Give the number of lines in the material below where the word "sweater" shows up, without anything else.

EXERCISE DATA =
|---|

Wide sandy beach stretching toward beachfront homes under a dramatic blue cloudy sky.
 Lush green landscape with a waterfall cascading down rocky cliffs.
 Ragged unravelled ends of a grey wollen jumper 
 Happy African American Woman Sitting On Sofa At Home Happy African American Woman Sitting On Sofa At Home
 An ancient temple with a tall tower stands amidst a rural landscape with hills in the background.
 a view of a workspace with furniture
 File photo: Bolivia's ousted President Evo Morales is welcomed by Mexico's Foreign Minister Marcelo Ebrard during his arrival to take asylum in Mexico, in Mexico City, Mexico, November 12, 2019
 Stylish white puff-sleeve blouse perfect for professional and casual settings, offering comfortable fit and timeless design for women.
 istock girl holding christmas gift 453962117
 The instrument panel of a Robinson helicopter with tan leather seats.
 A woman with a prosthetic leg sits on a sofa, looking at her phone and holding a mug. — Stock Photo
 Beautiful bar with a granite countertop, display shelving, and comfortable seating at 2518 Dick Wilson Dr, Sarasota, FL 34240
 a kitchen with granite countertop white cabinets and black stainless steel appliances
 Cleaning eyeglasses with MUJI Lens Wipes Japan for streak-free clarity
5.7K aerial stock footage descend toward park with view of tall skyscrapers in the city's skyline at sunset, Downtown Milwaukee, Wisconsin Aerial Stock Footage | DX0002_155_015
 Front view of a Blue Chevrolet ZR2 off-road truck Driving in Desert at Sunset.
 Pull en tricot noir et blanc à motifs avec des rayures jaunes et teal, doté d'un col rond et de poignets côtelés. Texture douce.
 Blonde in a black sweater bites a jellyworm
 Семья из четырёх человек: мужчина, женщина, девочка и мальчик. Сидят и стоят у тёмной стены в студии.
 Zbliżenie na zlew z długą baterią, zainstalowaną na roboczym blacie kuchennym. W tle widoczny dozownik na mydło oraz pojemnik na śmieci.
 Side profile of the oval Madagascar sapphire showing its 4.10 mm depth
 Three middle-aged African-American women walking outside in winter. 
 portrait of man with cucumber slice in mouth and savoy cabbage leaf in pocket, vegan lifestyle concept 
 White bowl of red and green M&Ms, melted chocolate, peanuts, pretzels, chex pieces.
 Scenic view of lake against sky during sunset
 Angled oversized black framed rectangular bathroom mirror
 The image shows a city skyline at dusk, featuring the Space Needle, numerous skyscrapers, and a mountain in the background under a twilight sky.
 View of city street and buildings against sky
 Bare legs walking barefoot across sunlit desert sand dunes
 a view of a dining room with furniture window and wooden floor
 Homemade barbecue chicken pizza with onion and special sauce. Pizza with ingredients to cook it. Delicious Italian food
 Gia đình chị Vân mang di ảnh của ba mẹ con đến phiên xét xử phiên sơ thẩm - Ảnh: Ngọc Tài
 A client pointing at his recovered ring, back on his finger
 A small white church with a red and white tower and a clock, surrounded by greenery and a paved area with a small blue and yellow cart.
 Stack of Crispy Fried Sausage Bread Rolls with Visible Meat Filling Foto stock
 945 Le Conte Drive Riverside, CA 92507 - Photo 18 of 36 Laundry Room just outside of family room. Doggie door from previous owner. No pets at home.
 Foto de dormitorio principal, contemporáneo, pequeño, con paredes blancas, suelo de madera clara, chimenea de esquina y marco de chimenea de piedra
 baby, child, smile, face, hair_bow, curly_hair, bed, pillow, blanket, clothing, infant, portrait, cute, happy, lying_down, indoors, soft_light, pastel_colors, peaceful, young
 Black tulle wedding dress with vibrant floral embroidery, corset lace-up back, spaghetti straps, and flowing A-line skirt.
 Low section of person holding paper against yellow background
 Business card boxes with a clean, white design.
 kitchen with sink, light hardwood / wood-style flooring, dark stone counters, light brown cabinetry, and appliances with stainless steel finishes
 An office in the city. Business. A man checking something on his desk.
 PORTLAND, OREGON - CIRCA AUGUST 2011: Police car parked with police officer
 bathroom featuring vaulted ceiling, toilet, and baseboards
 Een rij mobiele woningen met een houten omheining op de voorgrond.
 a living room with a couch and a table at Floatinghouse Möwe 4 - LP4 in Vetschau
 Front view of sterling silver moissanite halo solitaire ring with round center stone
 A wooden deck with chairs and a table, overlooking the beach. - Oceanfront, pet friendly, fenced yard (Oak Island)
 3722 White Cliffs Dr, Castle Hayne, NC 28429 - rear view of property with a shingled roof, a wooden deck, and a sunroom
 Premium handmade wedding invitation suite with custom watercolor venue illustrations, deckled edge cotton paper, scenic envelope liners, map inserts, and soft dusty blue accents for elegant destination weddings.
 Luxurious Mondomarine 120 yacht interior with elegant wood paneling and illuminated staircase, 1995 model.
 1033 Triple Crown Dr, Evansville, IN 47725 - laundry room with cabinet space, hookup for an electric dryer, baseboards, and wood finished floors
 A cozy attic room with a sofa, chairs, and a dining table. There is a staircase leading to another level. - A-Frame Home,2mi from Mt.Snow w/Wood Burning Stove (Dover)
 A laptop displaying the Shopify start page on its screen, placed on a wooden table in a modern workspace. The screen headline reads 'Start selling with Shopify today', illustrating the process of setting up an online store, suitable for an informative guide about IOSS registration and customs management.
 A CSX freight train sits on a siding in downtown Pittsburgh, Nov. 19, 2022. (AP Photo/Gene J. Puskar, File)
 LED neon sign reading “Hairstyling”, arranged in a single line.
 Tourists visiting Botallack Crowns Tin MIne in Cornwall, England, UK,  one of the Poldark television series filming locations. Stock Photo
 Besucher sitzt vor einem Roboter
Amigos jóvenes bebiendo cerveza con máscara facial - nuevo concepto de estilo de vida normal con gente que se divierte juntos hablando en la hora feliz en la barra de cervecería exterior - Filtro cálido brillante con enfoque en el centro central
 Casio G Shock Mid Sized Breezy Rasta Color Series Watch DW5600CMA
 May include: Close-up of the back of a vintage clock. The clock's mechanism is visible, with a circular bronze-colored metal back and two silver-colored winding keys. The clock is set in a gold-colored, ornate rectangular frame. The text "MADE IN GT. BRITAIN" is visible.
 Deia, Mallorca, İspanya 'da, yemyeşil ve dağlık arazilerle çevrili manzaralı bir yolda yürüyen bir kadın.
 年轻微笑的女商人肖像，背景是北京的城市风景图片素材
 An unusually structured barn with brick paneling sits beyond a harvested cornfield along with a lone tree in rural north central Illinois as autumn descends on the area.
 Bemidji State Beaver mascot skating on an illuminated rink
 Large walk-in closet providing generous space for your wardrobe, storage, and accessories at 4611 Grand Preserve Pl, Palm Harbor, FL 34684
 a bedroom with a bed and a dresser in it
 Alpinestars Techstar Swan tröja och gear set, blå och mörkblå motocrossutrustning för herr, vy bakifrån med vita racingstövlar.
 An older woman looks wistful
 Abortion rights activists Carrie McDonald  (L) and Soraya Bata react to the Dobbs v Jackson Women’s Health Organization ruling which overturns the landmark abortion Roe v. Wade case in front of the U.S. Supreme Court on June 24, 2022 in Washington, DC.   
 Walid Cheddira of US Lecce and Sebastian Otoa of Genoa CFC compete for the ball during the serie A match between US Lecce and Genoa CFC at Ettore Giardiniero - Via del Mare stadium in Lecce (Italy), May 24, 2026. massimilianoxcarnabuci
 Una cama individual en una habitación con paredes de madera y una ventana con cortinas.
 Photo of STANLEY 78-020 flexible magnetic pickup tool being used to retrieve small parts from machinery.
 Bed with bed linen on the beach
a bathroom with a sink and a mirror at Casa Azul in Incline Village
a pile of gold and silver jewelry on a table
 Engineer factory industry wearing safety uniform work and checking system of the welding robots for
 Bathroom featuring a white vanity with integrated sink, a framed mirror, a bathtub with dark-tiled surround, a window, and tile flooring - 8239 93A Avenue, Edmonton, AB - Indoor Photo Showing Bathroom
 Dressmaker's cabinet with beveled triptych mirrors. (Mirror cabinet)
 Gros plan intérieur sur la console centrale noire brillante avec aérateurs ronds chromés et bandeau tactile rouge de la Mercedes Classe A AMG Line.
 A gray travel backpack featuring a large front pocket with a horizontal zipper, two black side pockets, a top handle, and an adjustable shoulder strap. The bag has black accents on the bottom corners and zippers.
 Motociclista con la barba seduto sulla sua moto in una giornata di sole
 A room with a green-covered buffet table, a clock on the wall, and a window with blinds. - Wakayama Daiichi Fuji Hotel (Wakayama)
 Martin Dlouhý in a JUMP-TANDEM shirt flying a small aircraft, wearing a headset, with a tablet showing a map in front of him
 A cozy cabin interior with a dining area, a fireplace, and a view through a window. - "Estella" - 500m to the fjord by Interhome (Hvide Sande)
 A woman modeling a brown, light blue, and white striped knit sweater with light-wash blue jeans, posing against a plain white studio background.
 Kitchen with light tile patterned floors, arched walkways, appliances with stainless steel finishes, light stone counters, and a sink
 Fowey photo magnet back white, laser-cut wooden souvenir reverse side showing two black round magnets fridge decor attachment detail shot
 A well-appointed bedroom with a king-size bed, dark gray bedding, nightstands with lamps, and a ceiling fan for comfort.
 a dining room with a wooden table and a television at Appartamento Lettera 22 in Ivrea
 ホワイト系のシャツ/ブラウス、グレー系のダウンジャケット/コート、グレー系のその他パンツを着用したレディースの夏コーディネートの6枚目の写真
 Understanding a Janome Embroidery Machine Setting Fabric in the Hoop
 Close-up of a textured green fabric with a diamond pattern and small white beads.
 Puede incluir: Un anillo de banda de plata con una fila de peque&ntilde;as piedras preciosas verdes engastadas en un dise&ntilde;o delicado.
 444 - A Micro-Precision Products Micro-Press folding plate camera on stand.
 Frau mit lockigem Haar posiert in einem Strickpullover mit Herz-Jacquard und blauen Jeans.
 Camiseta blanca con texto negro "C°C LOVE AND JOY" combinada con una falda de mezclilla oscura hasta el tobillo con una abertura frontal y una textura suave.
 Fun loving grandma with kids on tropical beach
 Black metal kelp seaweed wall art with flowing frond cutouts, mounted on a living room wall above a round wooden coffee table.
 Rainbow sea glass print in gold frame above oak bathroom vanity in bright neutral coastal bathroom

|---|

ANSWER FOR THE TASK =
2